**PROVIDED RECORDS**
--------------------

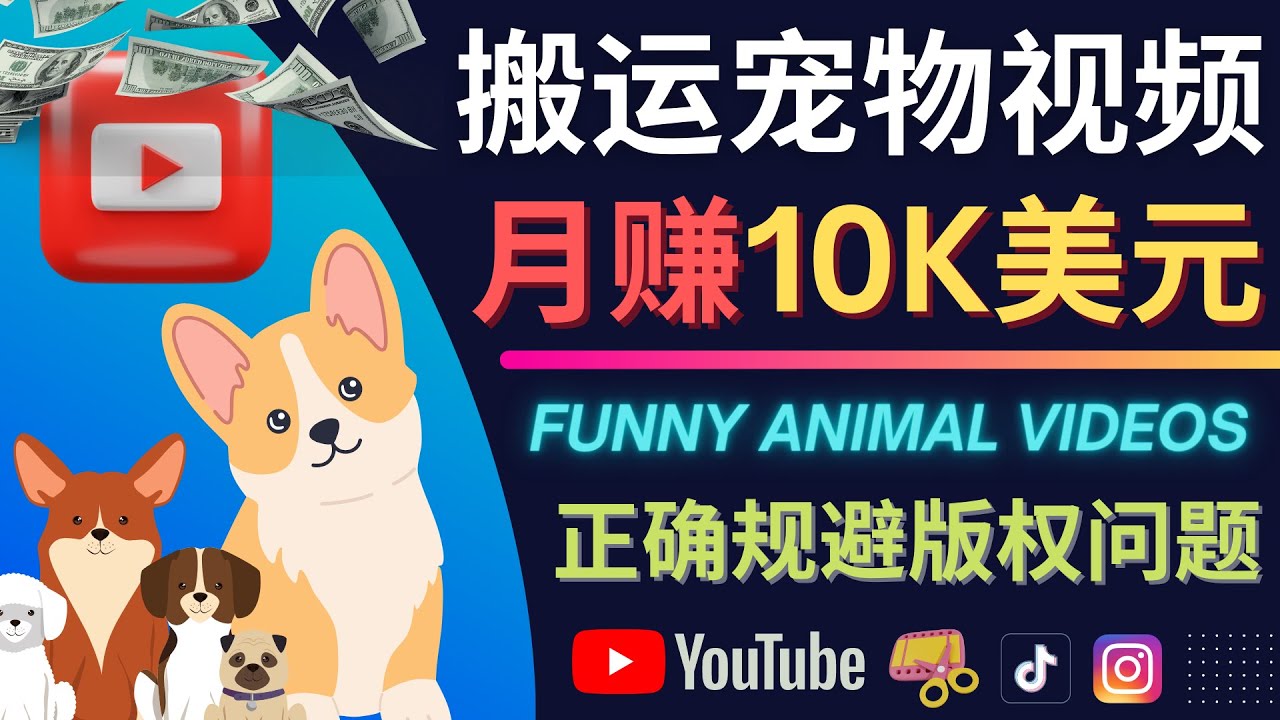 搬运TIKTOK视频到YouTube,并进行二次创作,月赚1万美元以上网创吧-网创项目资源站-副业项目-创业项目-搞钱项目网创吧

--------------------

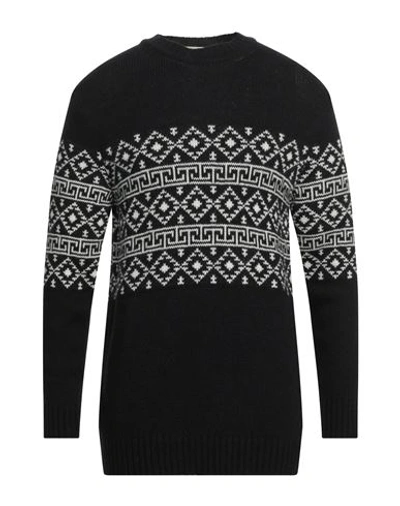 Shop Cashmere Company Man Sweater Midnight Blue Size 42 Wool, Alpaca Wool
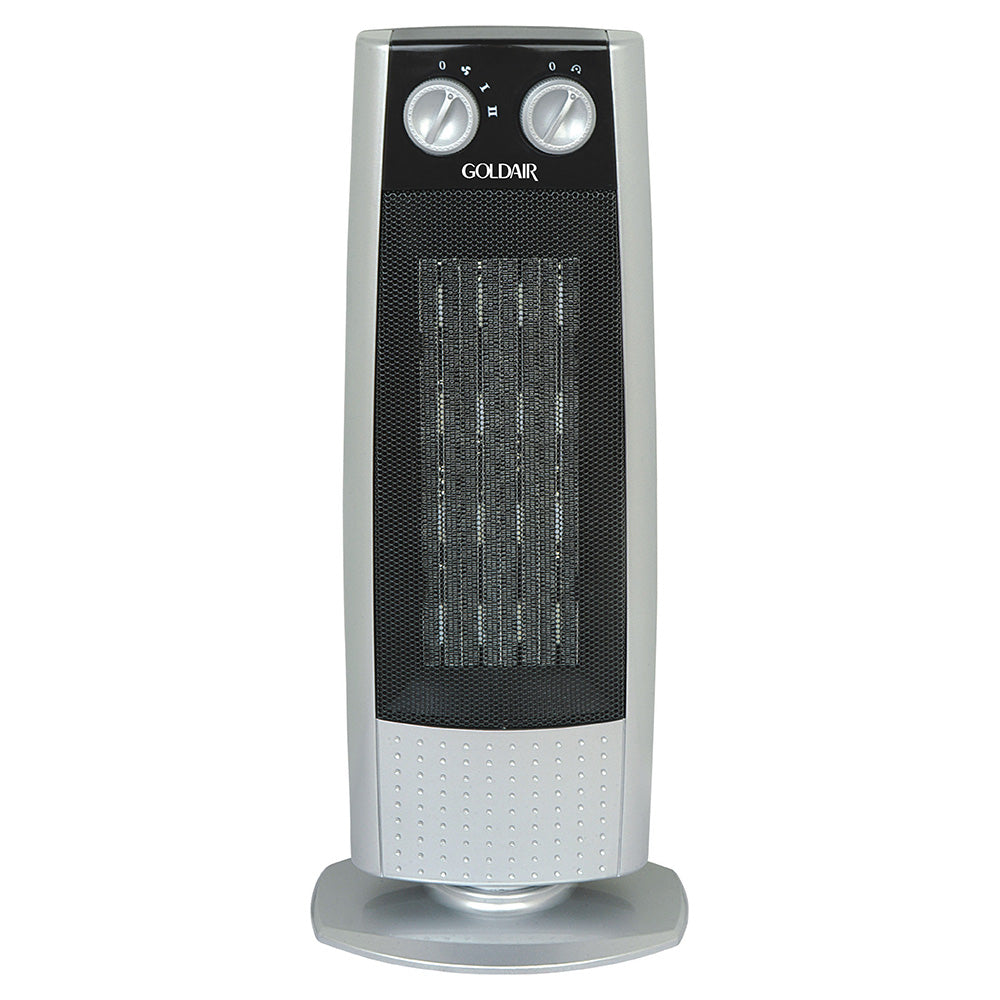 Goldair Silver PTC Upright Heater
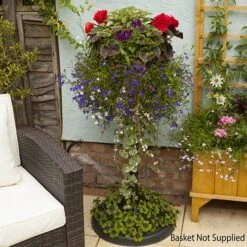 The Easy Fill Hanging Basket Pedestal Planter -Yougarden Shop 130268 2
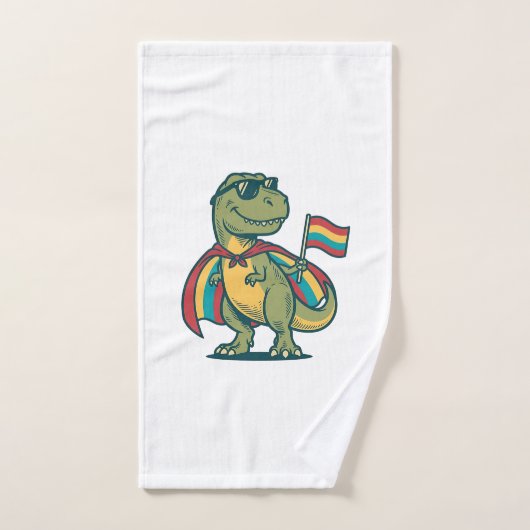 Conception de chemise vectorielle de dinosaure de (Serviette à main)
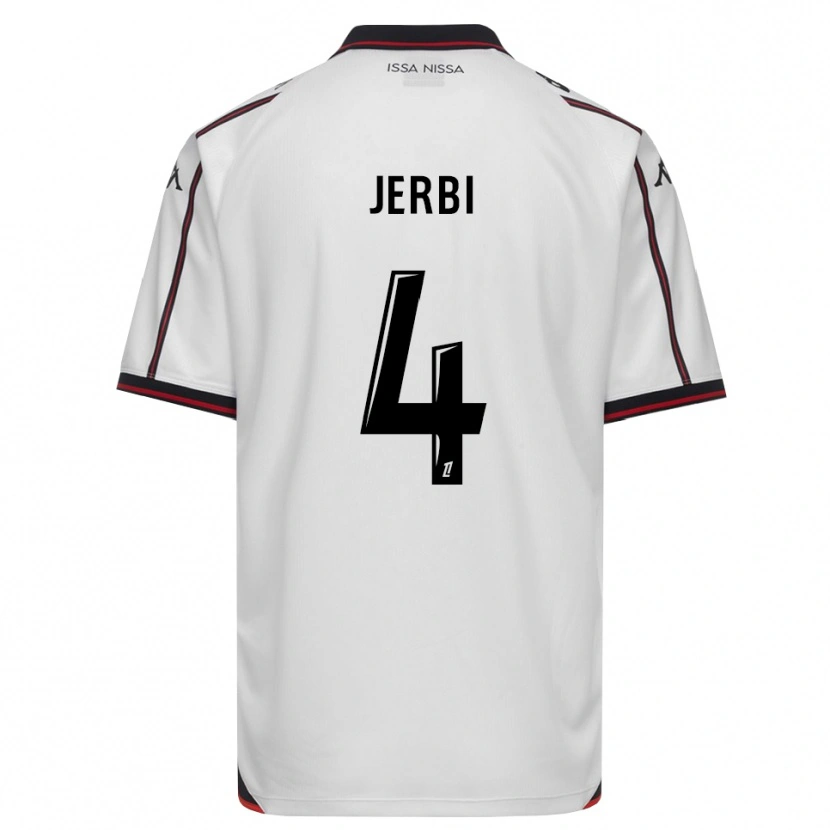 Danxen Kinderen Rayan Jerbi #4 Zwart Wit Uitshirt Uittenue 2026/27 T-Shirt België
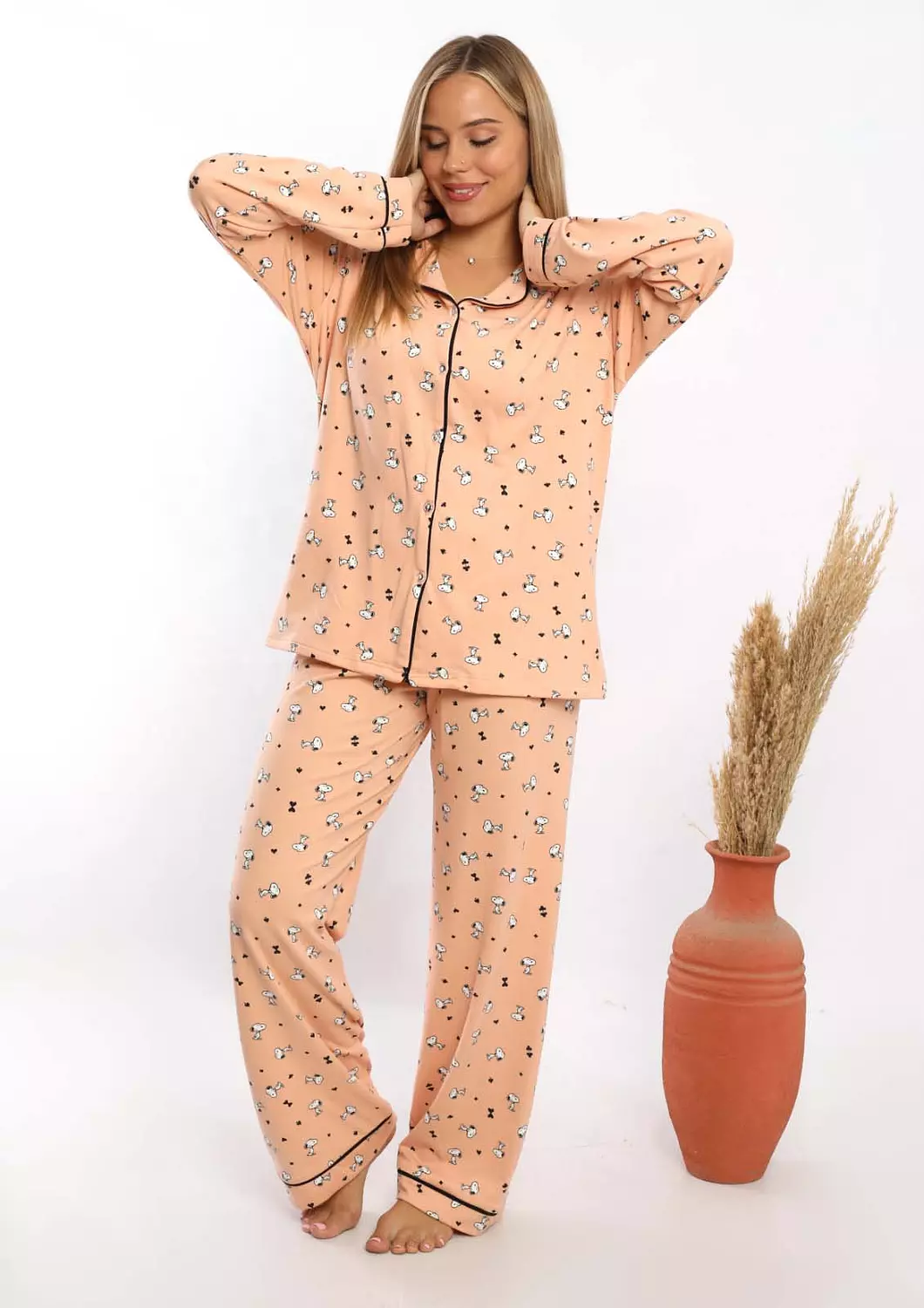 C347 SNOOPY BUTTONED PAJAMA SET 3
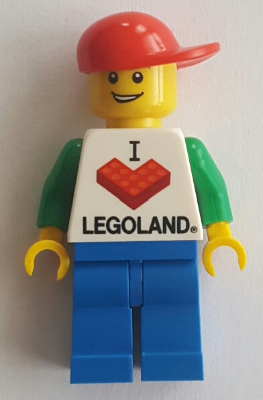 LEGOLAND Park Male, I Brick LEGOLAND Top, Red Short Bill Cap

--------------------

Return exactly the lines that appear in the data above between the line containing "C347 SNOOPY BUTTONED PAJAMA SET 3" and the line containing "LEGOLAND Park Male, I", both of which are included, and leave the pictures out.

**RESPONSE**
 C347 SNOOPY BUTTONED PAJAMA SET 3
 LEGOLAND Park Male, I Brick LEGOLAND Top, Red Short Bill Cap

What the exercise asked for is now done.